Exercise aim: Every line of the data should be written out exactly, with the pictures left out.

[Extracted data entries]
---*---

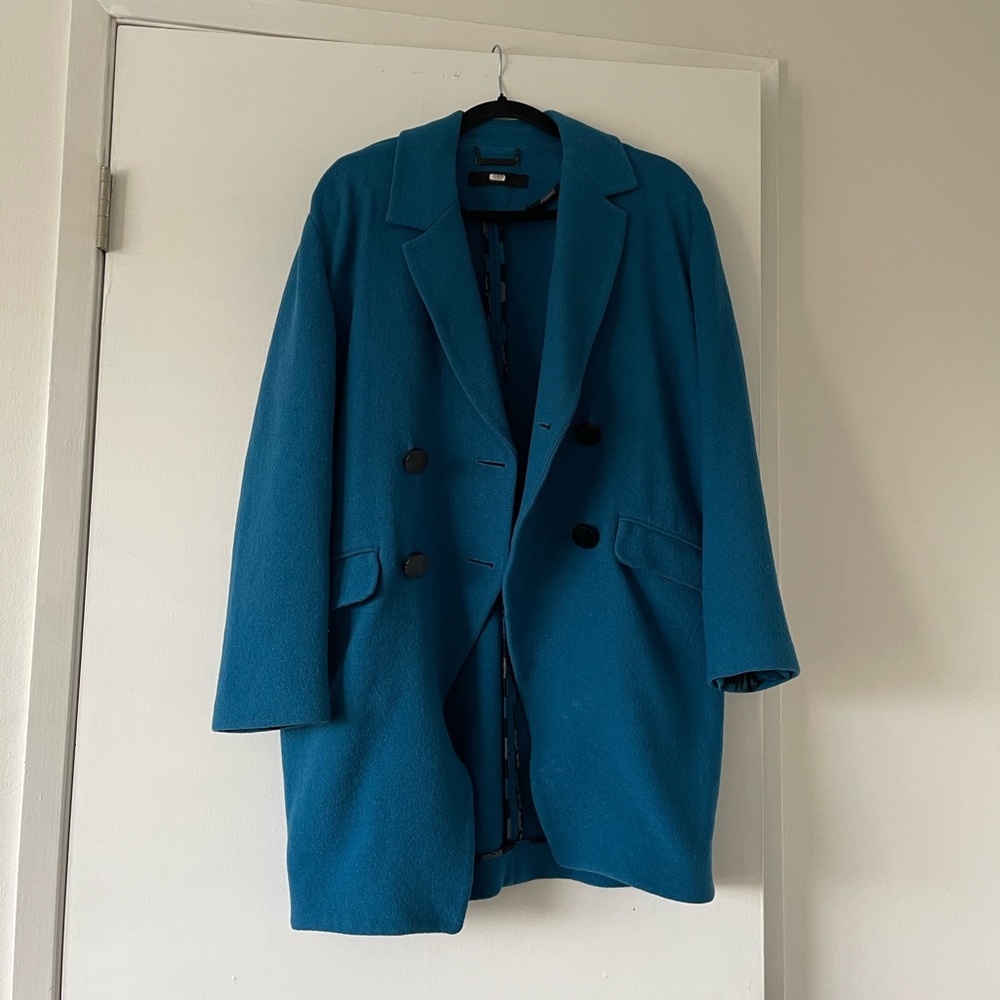 DVF blue coat
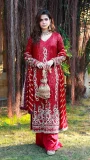 maroon 3-piece ensemble by Huma Adnan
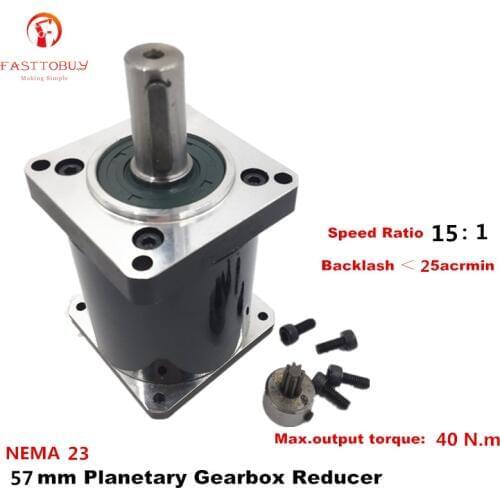 High Precision Planetary Gearbox Planetary Reducer 57mm Flange, Ratio 15:1 for NEMA23 57mm Servo/Stepper Motor 57XG-15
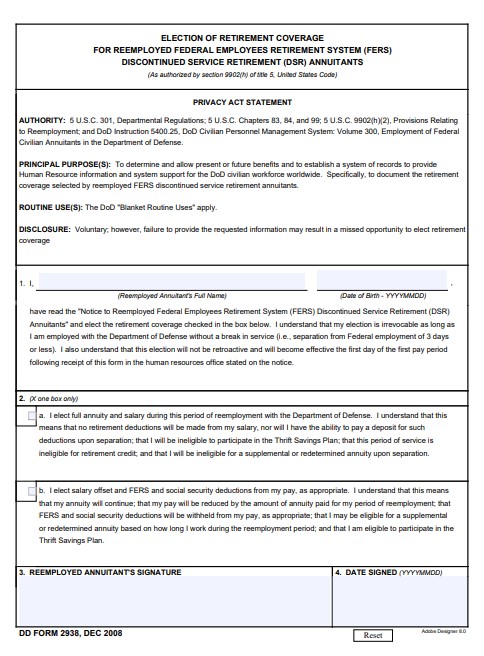 Download dd 2938 Form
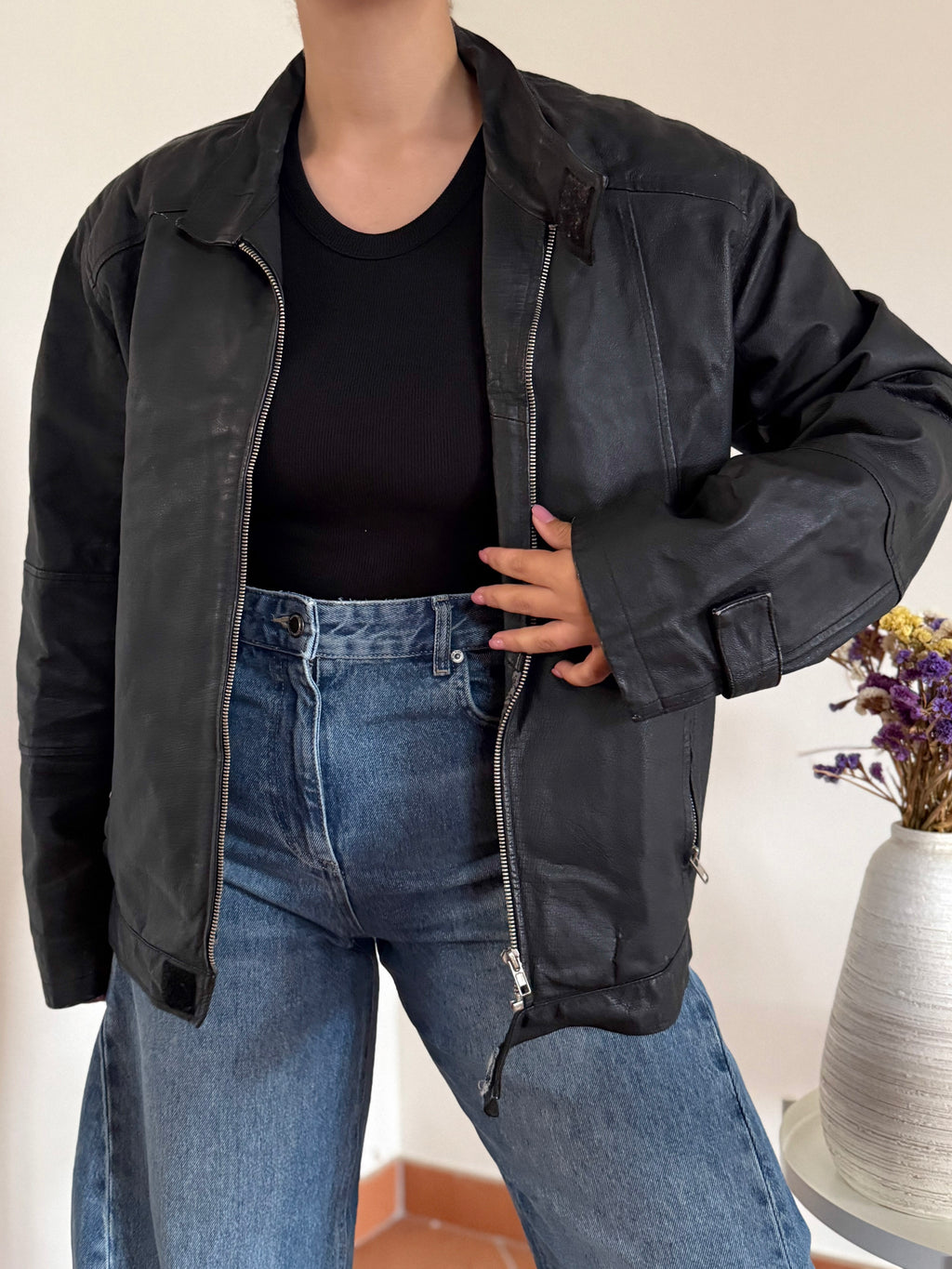 Vintage Bomber Leather Jacket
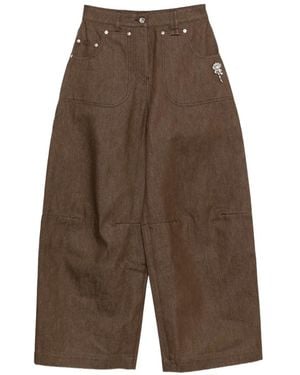 Simone Rocha Vaqueros Anchos Con Apliques De Cristales - Marrón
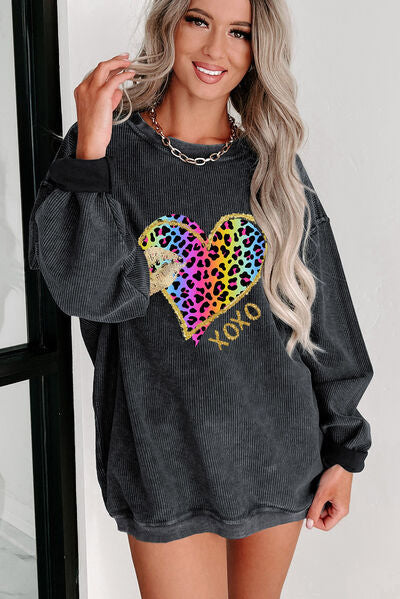 XOXO Leopard Ladies Sweatshirt - Premium Sweatshirt -  Follower Of Faith Apparel Ladies sweatshirt, Ladies sweatshirts, new arrival, new arrivals, newest arrival, Ship From Overseas, SYNZ, Valentine's Day Picks, Valentines day, Valentines picks Shop our Christian T-Shirts & Apparel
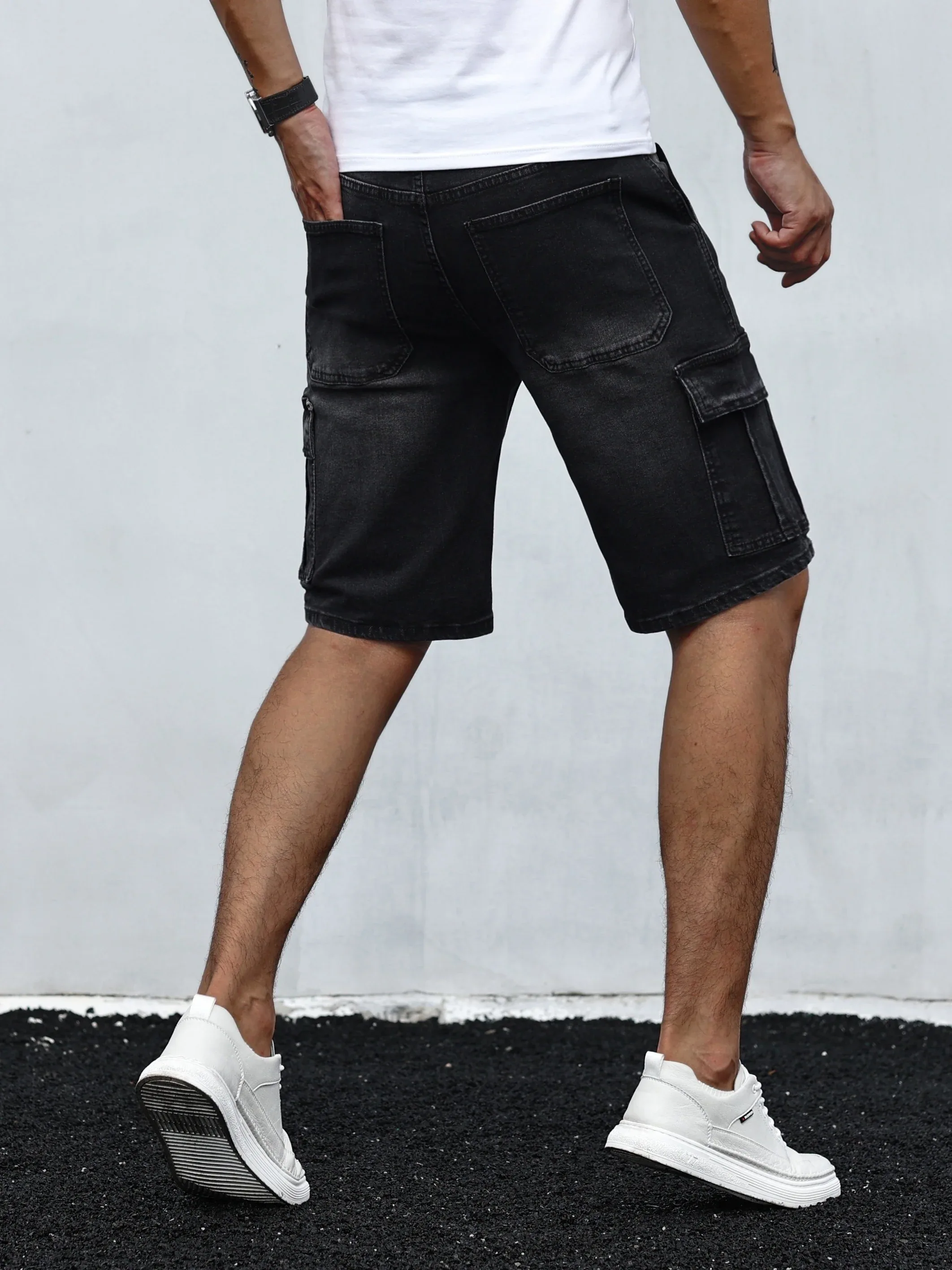 Men's Stretch Denim Shorts - Multi-Pocket Casual Streetwear with Knee-Length, Machine Washable Everyday & Formal Shorts for Urban Outfits - Non-See-Through Denim Construction - Image 7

---*---

Result of the exercise:
 DVF blue coat
 maroon 3-piece ensemble by Huma Adnan
 High Precision Planetary Gearbox Planetary Reducer 57mm Flange, Ratio 15:1 for NEMA23 57mm Servo/Stepper Motor 57XG-15
 Download dd 2938 Form
 Vintage Bomber Leather Jacket
 Simone Rocha Vaqueros Anchos Con Apliques De Cristales - Marrón
 XOXO Leopard Ladies Sweatshirt - Premium Sweatshirt -  Follower Of Faith Apparel Ladies sweatshirt, Ladies sweatshirts, new arrival, new arrivals, newest arrival, Ship From Overseas, SYNZ, Valentine's Day Picks, Valentines day, Valentines picks Shop our Christian T-Shirts & Apparel
 Men's Stretch Denim Shorts - Multi-Pocket Casual Streetwear with Knee-Length, Machine Washable Everyday & Formal Shorts for Urban Outfits - Non-See-Through Denim Construction - Image 7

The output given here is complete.